TikTok’s brush with controversy isn’t limited to India alone. However, the issues are mostly the same. It was banned in Indonesia and Bangladesh for promoting inappropriate content, pornography, blasphemy and gambling. The ban in Indonesia was lifted after the app designated a team of twenty people to monitor the content. The app doesn’t have a history of a smooth run at the home ground either. Its Chinese counterpart, Douyin too was under investigation by the Chinese watchdogs for promoting teenage pregnancies.
The list of 100 types of objectionable content was released soon after by the Chinese authorities that it would censor. And it shouldn’t come as a surprise that one of the inappropriate content types was the 2019 Hong Kong Protest. Since then, the app has blocked the users and censored video content on the abject and abysmal state of human rights in China, Xinjiang re-education camps, and minority abuse by the authorities. It suspended the account of Feroza Aziz for posting a video drawing the attention towards the plight of Uyghurs detention camps in China. Later, the removal was attributed to human error and the account reinstated.
The Indian netizens also worked overtime to downgrade the ratings of the app on Google Playstore, which were later reinstated by weeding out fake and spam reviews.
Indian TikTok Alternative
Mitron: The rise and shameful fall of Indian TikTok Alternative
Several Indian politicians have called out TikTok and have demanded its policies to be more regulated and in line with Indian sensibilities. Meanwhile, a TikTok clone app, called Mitron blew the Indian internet-dom and had a record five million download within days. But then this happened.

India’s answer to the “Chinese” app TikTok had its source code bought from a Pakistan-based software developing company, Qboxus for mere $34 or Rs. 2,500!
Additionally, the app had serious security issues such as the lack of software security, weak privacy policy and additional firewall, leaving the users vulnerable for data hacks and identification theft. It is usual to buy source code from a third-party. However, to present an alternative to TikTok, the developers didn’t even modify or alter it- making it an exact rip-off of Tic Tic, another clone of TikTok. It led to the removal of the app for security issues from Google Play. The app was red-flagged for being spam andoffering minimum functionality, leaving the targeted audience once again up for grabs!
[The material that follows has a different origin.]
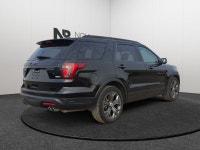 Sunroof, Heated Seats, Navigation, Power Trunk, Reverse Sense System! Check out our great inventory... (image 7)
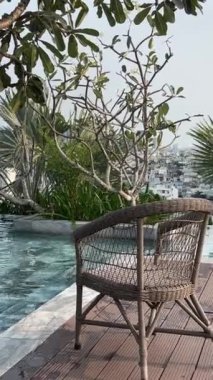 İki güneşli yataklı, havuzlu ve tropikal yeşillikli tatil köşkü. Bilardo Teraslarındaki Salon Bekleme Salonlu Modern Otel. Sıcak Yaz Gününde Boş Güneş Yatağı Yüzme Havuzu Bölgesi.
Bolo Indya: Will India speak for the app?
According to its founder, Varun Saxena, the Bolo Indya app wants to become a strong contender in the domain of #edutiktok. The founder wants to push content that is entertaining but also informational and serves a greater purpose.
The Bolo Indya app is available in ten Indian languages and claims to have more than 2.75 lakh daily active users. The app claims to use an access control mechanism to ensure the security of its users.
Roposo: So-so or So wow?
Roposo has been around since 2014 but somehow missed its boat to insane popularity. Wanting to hop on to the crazy wagon once again, it is now coming strong as a worthy alternative. While the core idea of making and watching video is same, it has quite a few unique features up its sleeve such as TV-like browsing, chat between buyers and sellers, audio voice-overs, GIF stickers and so on.
While the question will TikTok be banned in India is out for us to see, but it does bring our cultural and moral issues on radar. The system is already broken. The app just exposed it for all to ponder and act upon. In a country, where rape culture, locker room chats, honour killing, the highest number of acid attacks and the lowest conviction rateare more of a norm; TikTok seems to be an easy scapegoat. The time is to not to be a keyboard warrior but work for real change while not letting any app go unscathed and without any repercussion.